TORONTO — Piers Handling says he is looking forward to enjoying a luxury he hasn't had in 35 years — a summer break.
The director and CEO of the Toronto International Film Festival still has another year to go before he steps down from his post.
But the long-serving executive says while he has relished his role in leading TIFF, the time has come to step aside.
Handling has been working for the festival since 1982.
He will have been CEO for 24 years by the time he steps down next year.
TIFF's board of directors says it will begin searching for its new CEO in the coming months.
"It's a quarter of a century running an organization. I've loved every single of it," Handling said in an interview on Sunday following the TIFF awards ceremony.
"It's been so demanding. It's taught me so much, matured me as an individual, allowed me to fulfil my dreams. But after that period of time, I just want a little bit of my own life back, my own freedom to do other things.
"I'll be 69 when I step down next year and obviously I'm thinking about other things. I'm a big outdoor person, I want to enjoy summer," Handling added. "Seriously, I have not had a summer for 35 years. You're in dark screening rooms, you're travelling, you're trapped by the festival."
Handling said he was happy to have been able to help establish the TIFF Bell Lightbox, which is a central hub for TIFF programming during the festival and throughout the year.
"I will have had eight years as CEO in the building, too. I wanted to see us in the building and very successful. So, I just felt it was time. It was right for me emotionally, and I think probably it's right for the organization," he said.
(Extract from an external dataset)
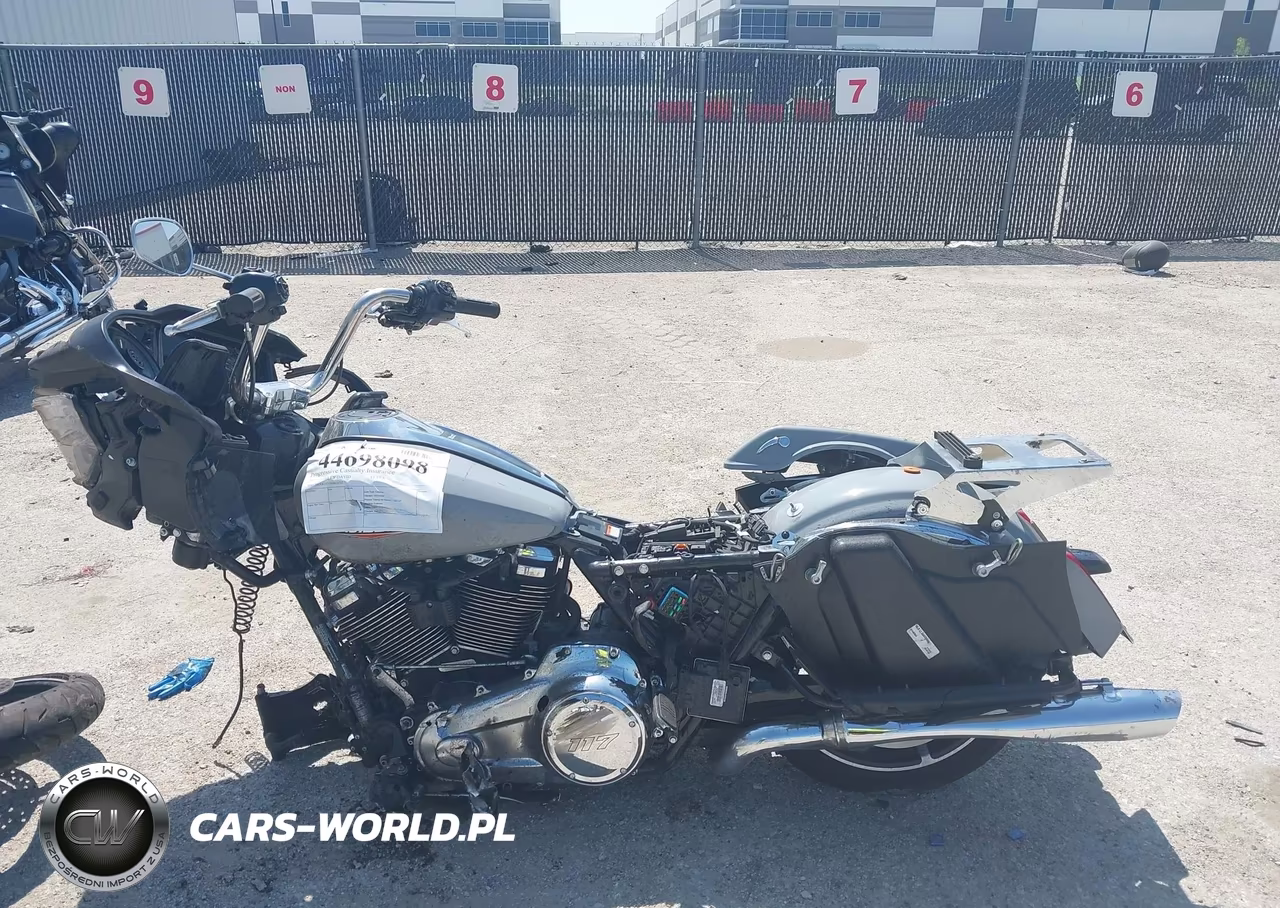 2025 Harley-Davidson Fltrx VIN:1HD1KH715SB621512 - 12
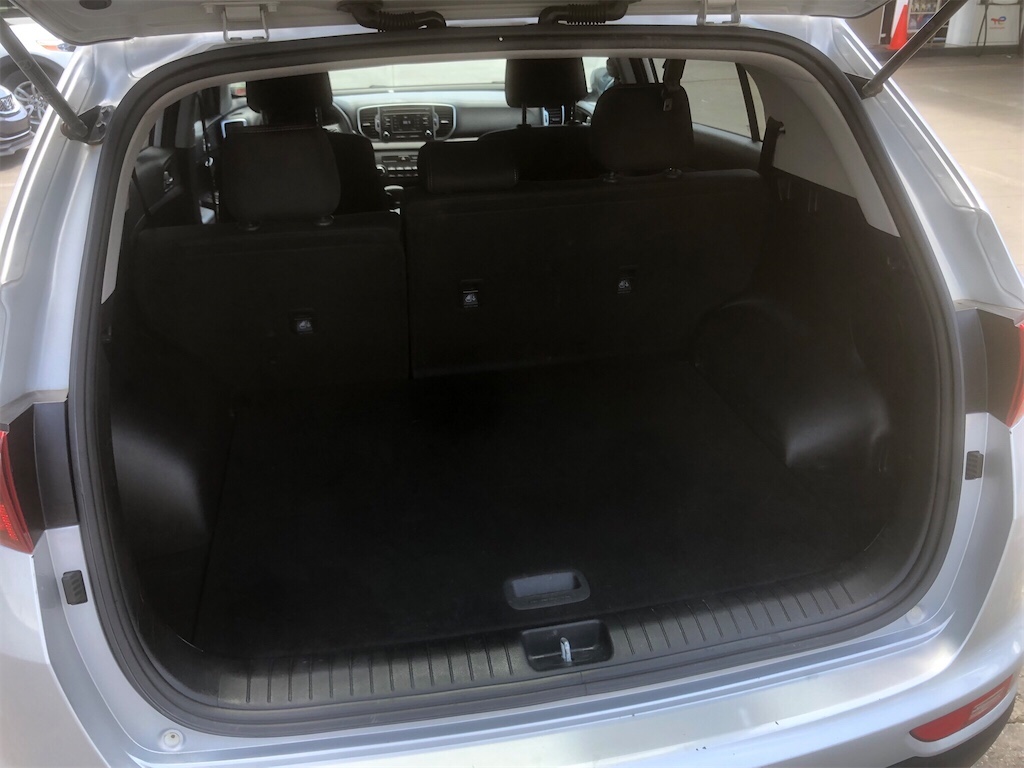 jeepetas y camionetas - Kia Sportage Fe 2019 clean carfax recién importado 7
"Three Billboards Outside Ebbing, Missouri" was the big winner at the TIFF Awards capturing the People's Choice prize at the Toronto International Film Festival. The $30,000 Canada Goose Award for best Canadian feature film went to Robin Aubert's zombie film "Les Affames."
When asked about a potential Canadian contender for the foreign-language film prize at the upcoming Oscars, Handling said he didn't think there was a clear frontrunner.
He suggested one potential candidate could be "Ava," from Iranian-born, Montreal-based Sadaf Foroughi, which captured the Discovery program prize and earned an honourable mention for best Canadian first feature film.
"The film that won the prize today may well be that film," said Handling in reference to "Les Affames."
"(Director) Francois Girard's "Hochelaga" perhaps. We had that here this year," he said of the Montreal historical drama screened during the festival. "But that's a bit of a mystery this year, I think. It will be a surprise for all of us."